[Start of Attachment]
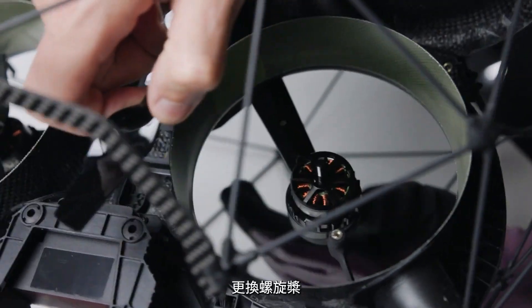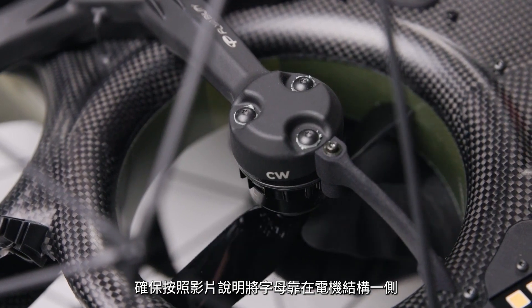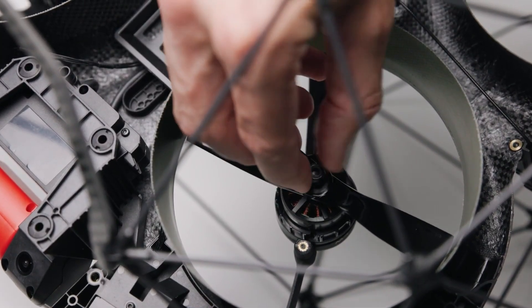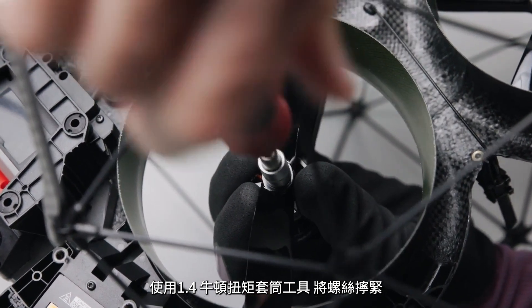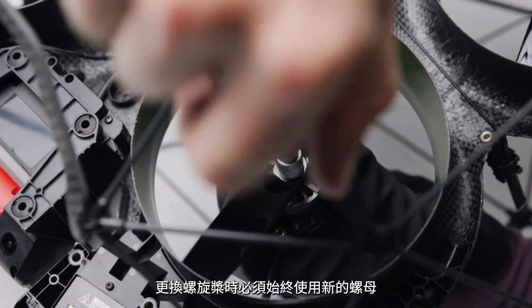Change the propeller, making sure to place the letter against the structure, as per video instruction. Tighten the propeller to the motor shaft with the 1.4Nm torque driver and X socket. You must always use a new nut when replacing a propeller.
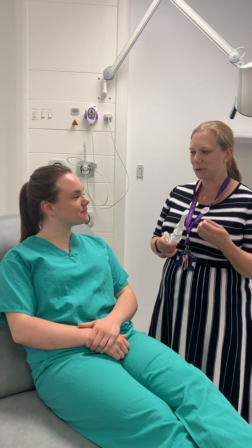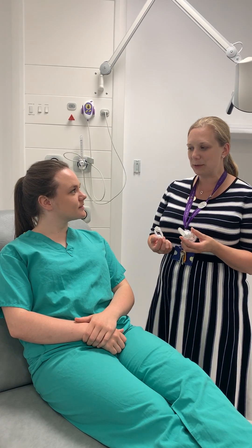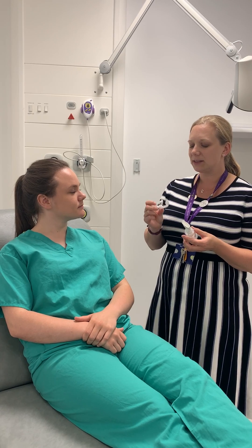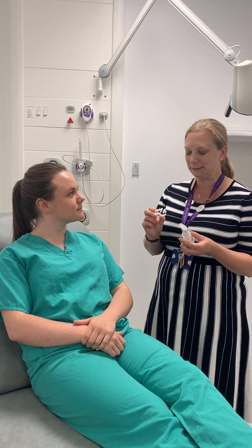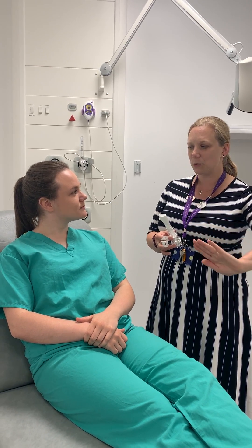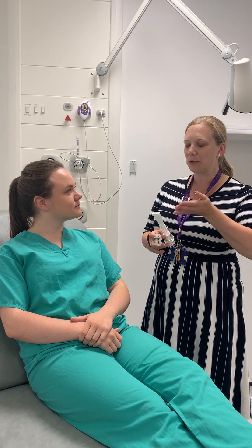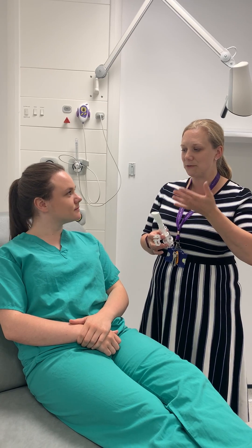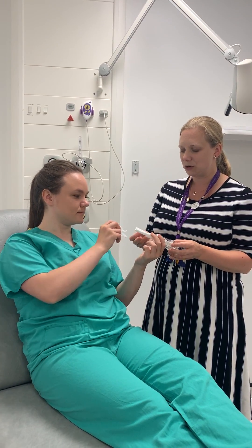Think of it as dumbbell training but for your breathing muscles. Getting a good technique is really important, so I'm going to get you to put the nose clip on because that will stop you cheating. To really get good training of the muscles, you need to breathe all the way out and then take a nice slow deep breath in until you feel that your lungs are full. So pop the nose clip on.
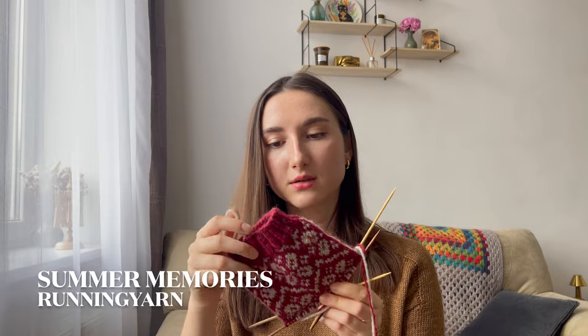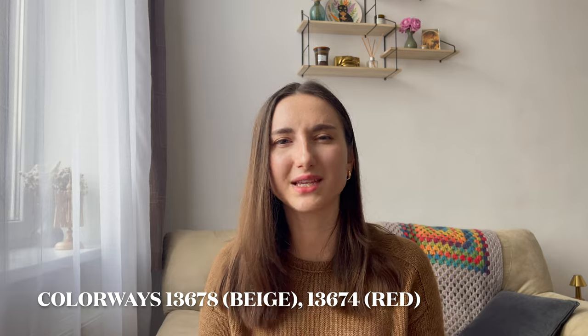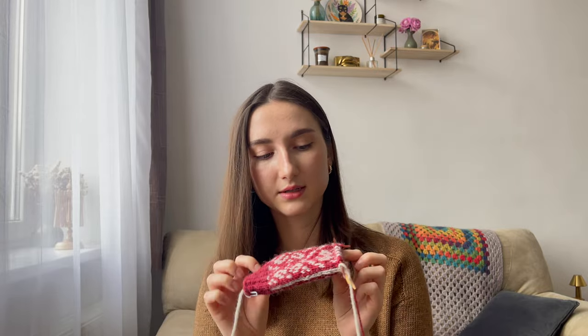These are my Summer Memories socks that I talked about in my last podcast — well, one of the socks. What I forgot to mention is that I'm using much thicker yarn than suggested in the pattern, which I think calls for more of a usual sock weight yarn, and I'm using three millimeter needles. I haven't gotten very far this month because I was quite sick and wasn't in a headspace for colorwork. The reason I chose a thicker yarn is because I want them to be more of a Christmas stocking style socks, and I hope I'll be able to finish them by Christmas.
[End of Attachment]
[Start of Attachment]
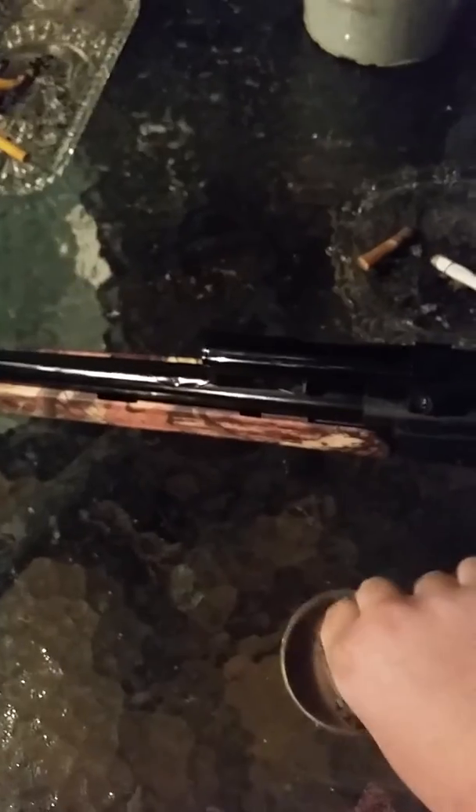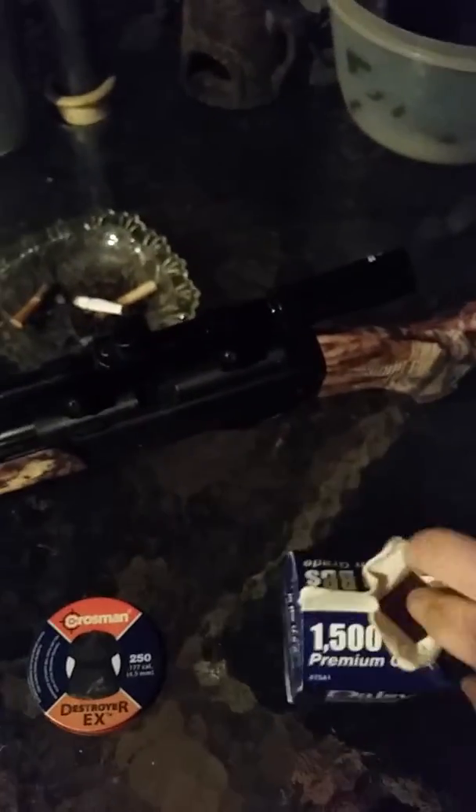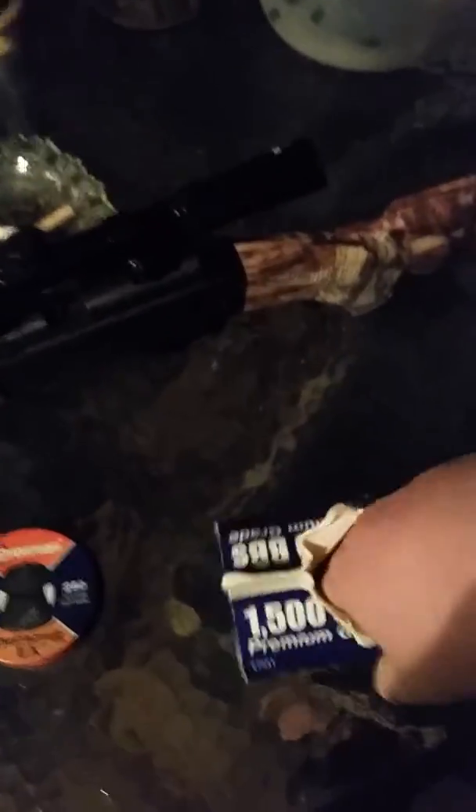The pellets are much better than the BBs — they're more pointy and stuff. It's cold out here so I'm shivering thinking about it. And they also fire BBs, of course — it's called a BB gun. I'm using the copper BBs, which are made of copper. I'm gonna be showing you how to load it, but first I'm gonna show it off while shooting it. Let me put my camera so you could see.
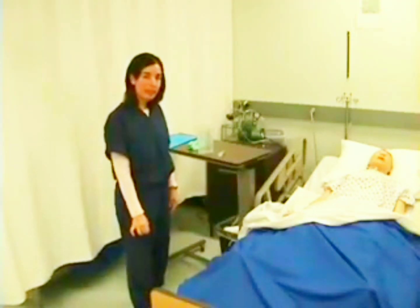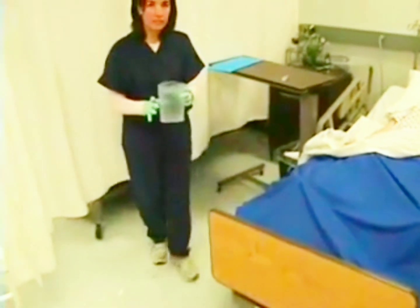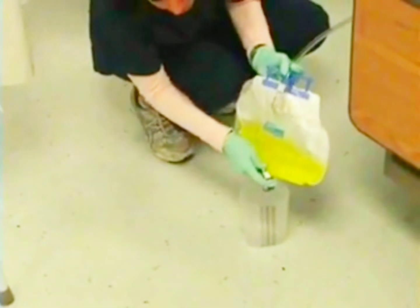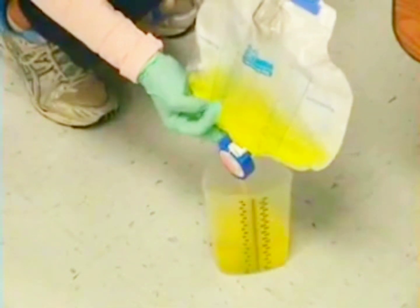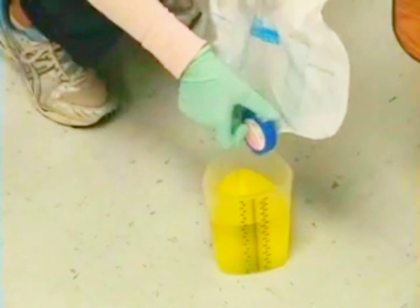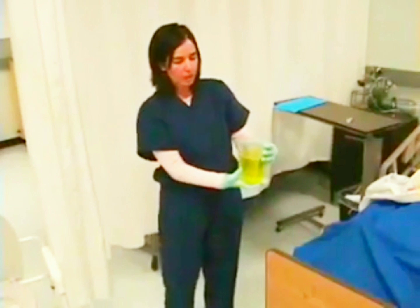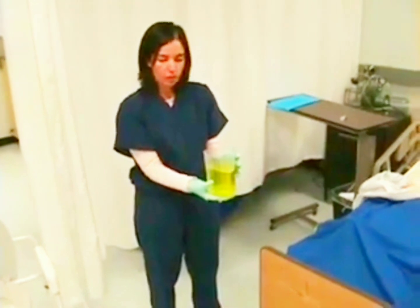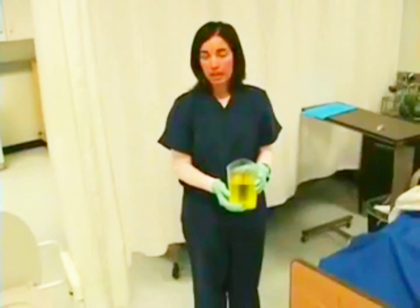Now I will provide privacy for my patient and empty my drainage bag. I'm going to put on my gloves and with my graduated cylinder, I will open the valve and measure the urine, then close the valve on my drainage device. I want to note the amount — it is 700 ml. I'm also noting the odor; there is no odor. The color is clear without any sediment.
[End of Attachment]
From the listing above, repeat only the lines between the line containing "Change the propeller, making" and the line containing "These are my", those two included. Pictures are not part of the copy.

Finished exercise:
Change the propeller, making sure to place the letter against the structure, as per video instruction. Tighten the propeller to the motor shaft with the 1.4Nm torque driver and X socket. You must always use a new nut when replacing a propeller.
Think of it as dumbbell training but for your breathing muscles. Getting a good technique is really important, so I'm going to get you to put the nose clip on because that will stop you cheating. To really get good training of the muscles, you need to breathe all the way out and then take a nice slow deep breath in until you feel that your lungs are full. So pop the nose clip on.
These are my Summer Memories socks that I talked about in my last podcast — well, one of the socks. What I forgot to mention is that I'm using much thicker yarn than suggested in the pattern, which I think calls for more of a usual sock weight yarn, and I'm using three millimeter needles. I haven't gotten very far this month because I was quite sick and wasn't in a headspace for colorwork. The reason I chose a thicker yarn is because I want them to be more of a Christmas stocking style socks, and I hope I'll be able to finish them by Christmas.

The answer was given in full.